Alston-Kearney is also clear about what’s wrong with society’s current attitude toward kids. "I’m concerned that children’s behaviors are being criminalized too early," she says, noting how quick the judicial system is to punish actions that are "symptoms of other problems." Alston-Kearney offers the example of young kids bringing guns to school. What, she asks, "are we doing about the fact that children can get those weapons in the first place?"
While Alston-Kearney stresses the serious nature of such misguided youthful actions, she highlights why the Warren Family Institute has been successful in reaching both children and families on a more positive level. "Flexibility is the key," she insists, saying that independent family service organizations, unlike traditional agencies, can "shift with the needs of the community." Alston-Kearney refers to a new home construction initiative her organization is involved in to make her point. "We are making the shift to being active players on the economic development front," she says. "We’re now in the business of building families and homes."

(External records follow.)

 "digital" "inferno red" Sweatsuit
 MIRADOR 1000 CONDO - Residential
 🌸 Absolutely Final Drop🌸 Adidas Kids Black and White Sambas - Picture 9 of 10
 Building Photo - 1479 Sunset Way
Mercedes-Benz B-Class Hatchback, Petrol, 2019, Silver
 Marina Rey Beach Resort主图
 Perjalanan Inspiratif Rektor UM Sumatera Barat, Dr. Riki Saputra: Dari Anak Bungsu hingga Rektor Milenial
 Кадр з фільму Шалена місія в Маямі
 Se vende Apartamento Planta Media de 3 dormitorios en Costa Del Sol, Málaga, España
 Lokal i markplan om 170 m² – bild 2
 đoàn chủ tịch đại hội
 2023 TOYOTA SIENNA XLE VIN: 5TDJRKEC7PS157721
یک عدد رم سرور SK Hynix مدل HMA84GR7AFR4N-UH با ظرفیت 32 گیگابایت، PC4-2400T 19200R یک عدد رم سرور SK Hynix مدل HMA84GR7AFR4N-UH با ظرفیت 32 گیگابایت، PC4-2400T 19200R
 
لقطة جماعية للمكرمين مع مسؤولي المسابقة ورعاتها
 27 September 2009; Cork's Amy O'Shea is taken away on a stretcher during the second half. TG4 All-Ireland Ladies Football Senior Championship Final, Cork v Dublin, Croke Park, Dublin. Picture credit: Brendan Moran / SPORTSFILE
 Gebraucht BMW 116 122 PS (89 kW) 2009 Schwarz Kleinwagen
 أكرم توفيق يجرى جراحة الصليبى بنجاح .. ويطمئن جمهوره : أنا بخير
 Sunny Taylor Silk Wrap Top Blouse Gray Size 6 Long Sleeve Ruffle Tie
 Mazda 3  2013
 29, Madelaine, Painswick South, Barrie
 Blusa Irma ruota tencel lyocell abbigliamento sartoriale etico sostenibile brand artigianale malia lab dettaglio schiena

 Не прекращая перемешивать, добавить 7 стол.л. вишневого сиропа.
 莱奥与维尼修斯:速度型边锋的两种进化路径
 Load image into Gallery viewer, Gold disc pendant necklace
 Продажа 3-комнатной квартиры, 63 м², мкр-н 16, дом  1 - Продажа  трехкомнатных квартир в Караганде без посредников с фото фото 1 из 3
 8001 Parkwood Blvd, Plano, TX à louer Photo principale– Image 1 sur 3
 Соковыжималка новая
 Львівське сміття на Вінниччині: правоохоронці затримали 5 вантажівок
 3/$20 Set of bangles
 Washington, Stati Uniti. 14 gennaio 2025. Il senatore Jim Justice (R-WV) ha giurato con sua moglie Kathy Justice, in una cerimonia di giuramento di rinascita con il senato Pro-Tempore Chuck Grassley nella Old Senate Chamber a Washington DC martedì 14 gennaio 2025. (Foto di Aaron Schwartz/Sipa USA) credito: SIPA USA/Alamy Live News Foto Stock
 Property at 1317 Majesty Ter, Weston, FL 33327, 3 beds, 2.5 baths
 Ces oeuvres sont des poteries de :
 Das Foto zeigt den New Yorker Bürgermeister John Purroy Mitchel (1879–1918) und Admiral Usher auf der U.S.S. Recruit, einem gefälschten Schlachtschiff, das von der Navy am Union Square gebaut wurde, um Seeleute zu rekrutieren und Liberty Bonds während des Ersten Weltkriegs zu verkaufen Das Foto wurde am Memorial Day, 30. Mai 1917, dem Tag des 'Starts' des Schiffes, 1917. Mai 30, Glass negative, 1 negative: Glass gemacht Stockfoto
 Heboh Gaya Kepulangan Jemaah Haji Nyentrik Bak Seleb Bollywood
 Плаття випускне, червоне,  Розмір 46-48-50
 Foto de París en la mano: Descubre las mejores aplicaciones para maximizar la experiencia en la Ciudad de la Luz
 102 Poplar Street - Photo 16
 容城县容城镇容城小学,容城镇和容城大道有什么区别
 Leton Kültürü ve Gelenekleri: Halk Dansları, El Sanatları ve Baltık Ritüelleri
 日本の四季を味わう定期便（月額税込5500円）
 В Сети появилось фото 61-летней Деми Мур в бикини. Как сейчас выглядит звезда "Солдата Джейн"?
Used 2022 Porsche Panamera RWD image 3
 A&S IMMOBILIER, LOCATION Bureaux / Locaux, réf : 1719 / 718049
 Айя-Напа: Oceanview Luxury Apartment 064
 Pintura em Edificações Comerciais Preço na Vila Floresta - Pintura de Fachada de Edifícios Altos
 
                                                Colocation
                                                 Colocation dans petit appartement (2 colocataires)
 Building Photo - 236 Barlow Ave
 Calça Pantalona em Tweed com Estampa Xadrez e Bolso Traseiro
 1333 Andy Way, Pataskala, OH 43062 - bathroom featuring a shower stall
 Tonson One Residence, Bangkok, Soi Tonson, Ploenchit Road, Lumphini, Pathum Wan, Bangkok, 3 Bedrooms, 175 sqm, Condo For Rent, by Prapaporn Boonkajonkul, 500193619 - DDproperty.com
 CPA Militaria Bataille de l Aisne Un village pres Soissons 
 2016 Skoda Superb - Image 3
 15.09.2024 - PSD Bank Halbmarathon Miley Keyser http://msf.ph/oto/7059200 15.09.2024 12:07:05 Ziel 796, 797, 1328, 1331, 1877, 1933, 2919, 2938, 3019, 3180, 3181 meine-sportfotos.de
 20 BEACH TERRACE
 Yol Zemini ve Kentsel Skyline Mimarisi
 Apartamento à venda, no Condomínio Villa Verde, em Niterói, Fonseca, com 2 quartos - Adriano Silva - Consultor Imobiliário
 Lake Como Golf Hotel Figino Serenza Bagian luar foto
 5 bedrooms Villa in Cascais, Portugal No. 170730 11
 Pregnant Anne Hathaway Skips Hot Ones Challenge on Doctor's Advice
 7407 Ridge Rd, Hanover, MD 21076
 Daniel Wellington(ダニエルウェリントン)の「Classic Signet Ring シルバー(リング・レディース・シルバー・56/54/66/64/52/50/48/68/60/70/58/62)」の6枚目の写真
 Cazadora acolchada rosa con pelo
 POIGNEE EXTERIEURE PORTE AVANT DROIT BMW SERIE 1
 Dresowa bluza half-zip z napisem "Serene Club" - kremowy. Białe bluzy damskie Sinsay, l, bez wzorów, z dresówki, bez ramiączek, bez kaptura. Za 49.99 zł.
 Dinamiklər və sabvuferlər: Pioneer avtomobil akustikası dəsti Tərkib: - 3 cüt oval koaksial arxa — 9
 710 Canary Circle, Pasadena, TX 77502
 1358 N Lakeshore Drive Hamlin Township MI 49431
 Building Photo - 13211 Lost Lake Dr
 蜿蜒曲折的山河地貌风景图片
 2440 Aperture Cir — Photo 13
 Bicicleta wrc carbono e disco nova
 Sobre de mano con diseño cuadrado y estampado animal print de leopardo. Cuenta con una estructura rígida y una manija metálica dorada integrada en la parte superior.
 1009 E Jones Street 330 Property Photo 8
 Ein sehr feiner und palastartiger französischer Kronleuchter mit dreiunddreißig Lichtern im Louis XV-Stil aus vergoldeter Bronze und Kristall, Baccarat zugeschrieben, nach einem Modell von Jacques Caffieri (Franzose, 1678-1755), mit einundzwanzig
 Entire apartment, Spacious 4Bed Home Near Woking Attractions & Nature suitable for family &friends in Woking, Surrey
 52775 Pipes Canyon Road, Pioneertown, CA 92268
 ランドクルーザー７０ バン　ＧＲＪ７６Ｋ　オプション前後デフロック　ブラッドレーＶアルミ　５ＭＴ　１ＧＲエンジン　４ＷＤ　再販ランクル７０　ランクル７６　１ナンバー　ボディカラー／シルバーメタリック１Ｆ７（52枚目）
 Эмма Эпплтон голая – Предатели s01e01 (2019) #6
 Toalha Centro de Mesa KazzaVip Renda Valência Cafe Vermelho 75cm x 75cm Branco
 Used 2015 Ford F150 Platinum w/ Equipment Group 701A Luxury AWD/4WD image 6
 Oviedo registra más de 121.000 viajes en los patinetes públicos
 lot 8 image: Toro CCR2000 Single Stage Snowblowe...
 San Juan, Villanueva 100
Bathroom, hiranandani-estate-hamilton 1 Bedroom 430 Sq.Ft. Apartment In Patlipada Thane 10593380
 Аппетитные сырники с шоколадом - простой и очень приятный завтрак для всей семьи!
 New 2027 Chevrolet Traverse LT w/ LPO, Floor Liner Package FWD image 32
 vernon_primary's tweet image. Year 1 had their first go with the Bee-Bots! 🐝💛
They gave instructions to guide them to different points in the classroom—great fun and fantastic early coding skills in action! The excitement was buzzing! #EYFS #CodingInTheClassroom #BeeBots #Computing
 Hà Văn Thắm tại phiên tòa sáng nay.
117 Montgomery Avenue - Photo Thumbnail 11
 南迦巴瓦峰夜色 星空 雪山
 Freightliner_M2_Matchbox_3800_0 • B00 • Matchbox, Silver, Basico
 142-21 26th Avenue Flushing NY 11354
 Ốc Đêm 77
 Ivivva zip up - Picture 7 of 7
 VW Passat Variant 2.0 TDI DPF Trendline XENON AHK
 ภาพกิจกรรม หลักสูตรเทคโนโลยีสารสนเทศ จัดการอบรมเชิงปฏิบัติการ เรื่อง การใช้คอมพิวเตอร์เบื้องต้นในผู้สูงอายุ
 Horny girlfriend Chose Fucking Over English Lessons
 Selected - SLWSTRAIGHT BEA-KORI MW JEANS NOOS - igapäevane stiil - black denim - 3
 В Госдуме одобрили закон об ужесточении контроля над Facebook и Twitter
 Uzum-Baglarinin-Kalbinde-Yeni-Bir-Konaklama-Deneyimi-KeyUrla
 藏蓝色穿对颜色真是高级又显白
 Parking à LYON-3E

Alston-Kearney is also building for the future. For years to come, she envisions herself and her organization at the forefront of advocating for families while providing access to housing and services that allow them to stand on their own. Such foresight is ultimately the reason why she relates to the pointy-eared spaceman sitting on her computer. "If there’s a strength I have, it’s vision," says Alston-Kearney, with eyes twinkling. She sits up excitedly in her chair and proclaims, "I can see it!"
One doesn’t have to be Mr. Spock to imagine the possibilities.